Correspondencias por ejemplo: en París es el término que indica los cambios que pueden hacerse entre las diferentes líneas, pero como en casi toda la nomenclatura de nuestros Hades urbanos, es un término cargado. Cuando llegué a París en 1949, trayendo como brújula la literatura francesa, Charles Baudelaire era mi gran psicopompo; el primer día quise conocer el Hôtel Pimodan, en la Isla Saint-Louis y al preguntar por el metro que me llevaría a orillas dek Sena, el hotelero me indicó la línea y agregó: “Es fácil, no hay más que una correspondencia”. En ese mismo momento, mi memoria volvía una y otra vez al célebre soneto de Baudelaire, y de golpe sentí que todo estaba bien, que entre París y yo no habría rupturas. Veintinueve años han pasado y las correspondencias entre nosotros persisten y se ahondan.

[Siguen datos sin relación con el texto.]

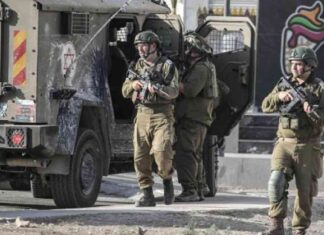 الاحتلال الإسرائيلي يهاجم نابلس ويجبر المواطنين على إخلاء منازلهم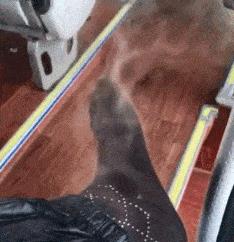 塞进去容易拔出来难,妹子着急死了哈哈哈哈哈哈！真的尴尬啊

En Inglaterra y Estados Unidos, las correspondencias de llaman cambios, y en mi país, combinaciones. Cualquiera de las tres palabras contienen cargas análogas, insinúan mutación, transformación, metamorfosis. El hombre que baja al metro no es el mismo que vuelve a la superficie; pero, claro, es preciso que haya guardado el óbolo entre los dientes, que haya merecido el traslado, que para los demás no pasa de un viaje entre estaciones, de un olvido inmediato.

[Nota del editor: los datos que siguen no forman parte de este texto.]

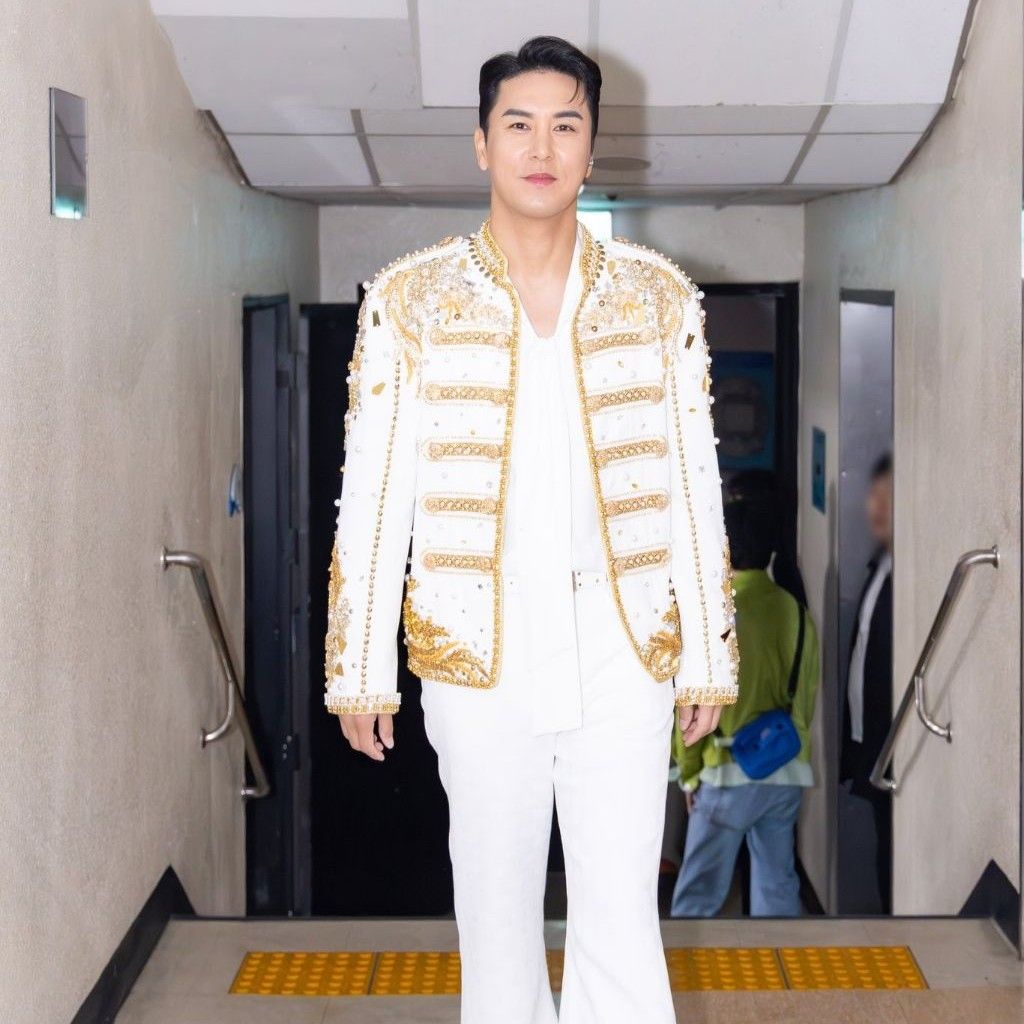 チャン・ミンホの最近の活動ショット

En el principio fueron los olores. Yo tenía ocho o nueve años y desde el suburbio bonaerense donde vivíamos, mi abuela me llevaba de visita a la casa de unos amigos. Primero un tren local, luego un tranvía, y por fin, desde el centro de la ciudad, el subterráneo, que los porteños llaman subte casi como si le tuvieran miedo a la palabra completa y quisieran neutralizarla con un corte desacralizador. Hoy sé que el trayecto en subte no duraba más de veinte minutos, pero entonces lo vivía como un interminable viaje en que todo era maravilloso desde el momento de bajar las escaleras y entrar en la penumbra de la estación, oler ese olor que sólo tienen los metros y que es diferente en cada uno de ellos. Mi abuela me llevaba de la mano (su traje negro, su sombrero de paja con un velo que le cubría la cara, su invariable ternura), y había esos minutos en el andén en que yo veía la hondura del túnel perdiéndose en la nada, las luces rojas y verdes parpadeando en la profundidad, y luego el fragor progresivo, el tren dragón rugiendo y chirriando, los asientos de madera que yo rechazaba para quedarme de pie contra una ventanilla, la cara pegada al vidrio. rque cuando el tren tomaba velocidad, las paredes del túnel se animaban, se convertían en una pantalla móvil con cables como serpientes negras ondulando, con el paso instantáneo de las luces, y siempre ese olor en el aire espeso y lento que nada tenía que ver con el de afuera, con el de arriba. En algún momento, que cada vez tenía algo de milagroso, el tren ascendía a la superficie, las ventanillas se llenaban de sol y de copas de árboles; algo como alivio, como rescate de esa breve temporada en el infierno, y a la vez la monotonía de recuperar la normalidad, las calles y las gentes y el té con pasteles que nos esperaban invariables a cada visita mensual, decirse entonces que el viaje no había terminado, al caer la noche volveríamos a tomar el subte, de nuevo el túnel y la serpientes y el olor, de nuevo ese interregno excepcional que de alguna manera me condenaba a cosas como ésta, a escribirlo aquí cincuenta y tantos años después. Por cosas así puede llegar a mantenerse un comercio furtivo con el metro, una relación en que no se habla pero que, un día, asoma en los sueños y en esa otra manera de soñar que son los cuentos fantásticos.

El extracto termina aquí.